The comedy drama starring Saoirse Ronan, Laurie Metcalf, Lucas Hedges and Timothée Chalamet (who also stars in Call Me By Your Name), is essentially a coming-of-age film about a Catholic school teen and how she equates her self worth. The movie also delves deeper into modern relationships. The film had had an incredible festival run and is the only movie on Rotten Tomatoes with 100% positive reviews, and is garnering serious Oscar buzz.
What Greta Gerwig, The Director Says
“I didn’t go to film school. I really learned from watching people on sets,” Gerwig tells Entertainment Weekly. While prepping for Lady Bird, she called up filmmakers like Rebecca Miller, Mia Hansen-Love, and Wes Anderson, who she has worked with earlier, to take notes.
“I just put everything aside and I wrote at the top of the page – I don’t know where it came from – ‘Why won’t you call me Lady Bird? You promised that you would.’ And I looked at the sentence and I thought, ‘Who is this person?’ says Gerwig who scored a Golden Globe nomination for the film.

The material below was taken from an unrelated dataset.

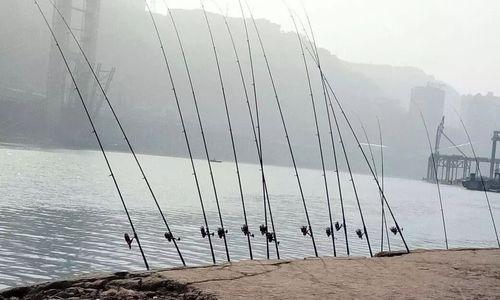 河坝底下钓鱼的技巧（掌握技巧）  第1张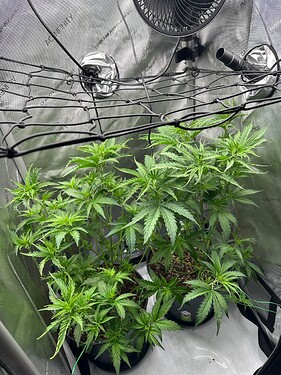 Growreport Bild 6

What the Lady Bird Cast Had to Say
Laurie Metcalf, who you might know as Sheldon Cooper’s mother in The Big Bang Theory, is also very likely an Oscar nod for her disappointed mom stint in Lady Bird. She, too, by the way, is bowled away by Gerwig’s directorial act. “I would have thought, if I’d just walked on the set, that she’d been doing this for years and years. The vibe she set was supportive and collaborative and calm and easy and funny and stress-free. I can’t think of an easier time that I’ve had working in film,” said the actor.
Saoirse, who blazed the screens as the non-conformist California teen as Lady Bird, also talks about the mother-child bond shown in the film – which was one of the film’s USPs. “So many friends of mine had relationships like that with their moms. This is the person you come from. They birthed you….” Says the actor whose film Brooklyn was a major Oscar favourite in 2016.

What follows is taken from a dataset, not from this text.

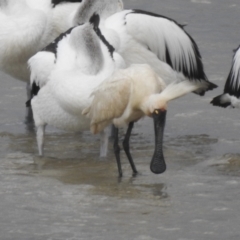 Platalea regia at Mallacoota, VIC - 3 Feb 2023 06:43 PM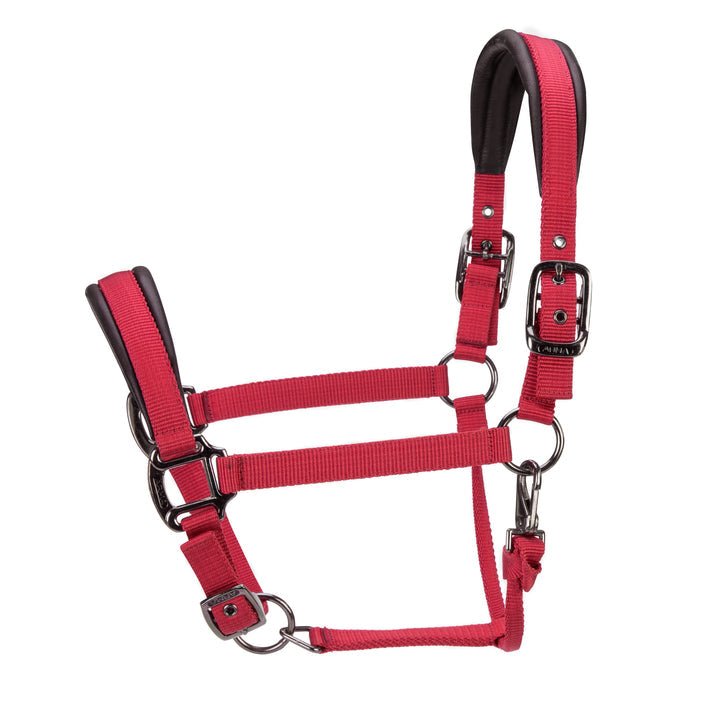 ARMA Pro Padded Headcollar - Nags Essentials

“Have you ever read [Simone de Beauvoir’s] ‘The Second Sex’? You know the way she talks about how, as babies, a mother and a woman’s body is comfort for all of us? But then you get older and start to rebel against that. You need your independence, but you also still want your comfort. It’s so complicated,” adds the 23-year-old actor.
Who is Lady Bird?
Lady Bird is a name a 17-year-old Christine gives herself in an effort to etch out her own identity. The film is one of the most well-made films of the decade – not because of how real it felt for the audiences but because at one point it did not feel like a film at all.

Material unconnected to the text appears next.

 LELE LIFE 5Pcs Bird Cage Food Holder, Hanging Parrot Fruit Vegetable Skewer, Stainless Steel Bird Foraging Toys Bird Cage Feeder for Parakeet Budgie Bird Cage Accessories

“Lady Bird is a film bursting with warmth, wit and melancholy that manages to seem fresh and unexpected despite the overly stacked nature of the subgenre. Gerwig displays no narcissism as someone sharing a version of her past or an aching desire to be hip as a young film-maker,” writes The Guardian critic Benjamin Lee. Gerwig, an actor herself obviously understands the limits of acting, also the powers. Not to mention, the early-2000 setting of the film is a millennial triumph, owing to the fact that this generation is still obsessed with the pre-iPhone era.
“I felt like the truth of growing up in Sacramento in the 1990s and early 2000s. It was, unless you knew the guy at the record store who had the offbeat taste and the cool record collection, you wouldn’t know some of the things that I think everybody takes for granted today,” adds Gerwig.
The raving applauses and the positive reviews do not make a film successful, but in Lady Bird’s case, the ratings have been legit. The film, no doubt is one of the best films made this year sans the Hollywood hangover and has set a new path for indie acceptance in Hollywood.